Yes, if you’re feeling ever so slightly tired of how all of those clip-structured ‘sound collage’ nostalgia shows always seem to use the same well-known and relatively heavyweight archival footage to evoke the sociocultural ‘mood’ of Phil Cool drinking Citrus Spring, then here’s the alternative! Turning the approach of The Rock’n'Roll Years and Sounds Of The 20th Century upside down, the Talk About The Passion team are putting together a series of podcasts covering specific years, featuring half-forgotten mid-chart hits with clips from cult TV and radio shows, underachieving films, annoyingly inescapable adverts and other assorted (mostly puppet-driven) ephemera. In other words, the pop cultural past as YOU remember it. And probably Andrew Collins a bit too.

The first of these podcasts covers 1992, so if The Bouncer by Kicks Like A Mule, Zig & Zag interviewing East 17, and the difference between ‘Football’ and ‘Muggy Bonehead’ mean more to you than Shakespear’s Sister and the European Monetary Union, get ready for forty five minutes of Rob Newman-era past-remembering thrill-packed retro fun!

Talk About 1992 was put together by Ben Baker with Tim Worthington and Phil Catterall. And probably Andrew Collins a bit too. And if you like it, please say so somewhere as we’d like to do more of these but would equally like to be sure that people are listening and enjoying first…!

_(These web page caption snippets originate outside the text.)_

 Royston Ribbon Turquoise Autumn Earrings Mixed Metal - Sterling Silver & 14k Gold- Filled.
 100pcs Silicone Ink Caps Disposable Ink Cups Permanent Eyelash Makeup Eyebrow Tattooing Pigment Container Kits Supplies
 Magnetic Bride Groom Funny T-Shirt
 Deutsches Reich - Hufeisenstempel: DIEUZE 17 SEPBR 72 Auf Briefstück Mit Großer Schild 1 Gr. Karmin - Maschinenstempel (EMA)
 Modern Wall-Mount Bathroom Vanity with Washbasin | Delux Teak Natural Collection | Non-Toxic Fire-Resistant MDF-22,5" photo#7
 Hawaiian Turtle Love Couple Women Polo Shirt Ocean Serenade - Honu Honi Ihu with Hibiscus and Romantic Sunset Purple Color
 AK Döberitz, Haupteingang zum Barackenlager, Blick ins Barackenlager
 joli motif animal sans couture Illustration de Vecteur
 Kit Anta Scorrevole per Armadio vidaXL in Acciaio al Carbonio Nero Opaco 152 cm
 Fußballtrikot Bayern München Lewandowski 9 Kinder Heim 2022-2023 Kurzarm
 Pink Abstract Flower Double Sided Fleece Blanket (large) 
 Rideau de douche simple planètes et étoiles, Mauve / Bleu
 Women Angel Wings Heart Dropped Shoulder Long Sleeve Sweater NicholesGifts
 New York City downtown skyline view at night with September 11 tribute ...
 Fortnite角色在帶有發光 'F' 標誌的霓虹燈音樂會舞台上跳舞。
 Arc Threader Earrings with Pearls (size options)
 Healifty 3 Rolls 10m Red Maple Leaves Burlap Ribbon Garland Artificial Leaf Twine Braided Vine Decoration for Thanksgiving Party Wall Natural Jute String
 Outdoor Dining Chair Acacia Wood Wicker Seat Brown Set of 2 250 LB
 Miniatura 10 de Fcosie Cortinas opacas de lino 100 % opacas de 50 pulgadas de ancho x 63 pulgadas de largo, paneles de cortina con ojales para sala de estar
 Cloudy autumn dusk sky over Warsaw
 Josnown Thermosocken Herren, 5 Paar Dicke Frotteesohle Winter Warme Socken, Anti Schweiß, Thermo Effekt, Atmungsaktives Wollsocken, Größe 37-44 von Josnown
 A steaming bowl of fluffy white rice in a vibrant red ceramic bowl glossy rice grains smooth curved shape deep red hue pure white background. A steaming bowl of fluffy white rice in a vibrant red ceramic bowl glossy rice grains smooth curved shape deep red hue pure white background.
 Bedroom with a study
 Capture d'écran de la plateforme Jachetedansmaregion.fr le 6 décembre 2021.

And now the important bit: you can hear The TATP Years: 1992 at Talk About The Passion, and download some of our other podcasts while you’re there, would you? That means you as well, Andrew Collins. Cheers!

Top Of The Titles: #3 The World Of Survival

WHAT WAS IT?
‘Syndication’-conscious reconfiguration of Anglia’s sedate early evening eco-pioneering zen-out Survival for thrill-seeking American market, with judicious addition of John Forsythe narration to facilitate transatlantic comprehension. Natural habitat – that awkward gap between the end of Saturday Morning children’s programming and the start of World Of Sport. EIGHT POINTS.

WHAT HAPPENS?
One of those none-more-seventies rotating model Earths that somehow never quite looked as convincing as the BBC Globe goes on whistle-stop tour of the continents with overexposed 16mm footage of the weird and wonderful wildlife to be found in each, via the transitional effect of an even-more-none-more-seventies shower of tessellating squares. This in turn gives way to one of those even-more-even-more-none-more-seventies graphical representations of the Earth as a sort of slightly out of proportion grid thing, which promptly doubles up as the ‘o’ in the programme logo. NINE POINTS.

CUE THE MUSIC!
Starts out with strident Current Affairs-style brass-led bombasticness, but only a couple of bars later alarming Micro Moog-mayhem slips its moorings and proceeds to squiggle its way across the remainder of the theme as if trying to shake juvenile nature lovers awake with the shock of the musical new. Probably a better ambassador for the synthesiser age than Brian Eno and Peter Howell combined. What’s more, this all takes place in the context of a tune that sounds like it should more rightly belong to a long-forgotten American superhero/sci-fi series than to film of ocelots washing. Almost certainly seared indelibly into the subconscious of anyone who witnessed it in the throes of post-Mersey Pirate lethargy. TEN POINTS.

END TITLE INTERESTINGNESS
Probably not a legally applicable term here. All you get is the credits over some static images of that week’s star endangered species, and nondescript pipe-tootling acting as some kind of World Music-derived ‘chillout’ gambit. Hardly worth dwelling on really. TWO POINTS.

CUNNING VARIANTS
And how. Random episodes would, for no readily obvious reason, be introduced by an entire alternate opening sequence, with a less sophisticated (but still more convincing) photographic Earth morphing into a camera lens with completely different animal footage in the middle, a totally different if still Moog-crazy theme tune, and a distracted-sounding voiceover that was hardly likely to pull in the Stateside viewers in their millions. And the Earth still turned into the ‘o’ at the end. Fantastically, you can see this in full here. TEN POINTS.

ICONIC MOMENT
As memory-imprintingly exciting as it may have been, this sort of generic-through-neccessity title sequence didn’t really ‘do’ iconic. At a push, the goose that looks like it’s grown weary of constant media intrusion. Maybe. FOUR POINTS, which nets The World Of Survival a far from extinction-threatened FORTY THREE POINTS.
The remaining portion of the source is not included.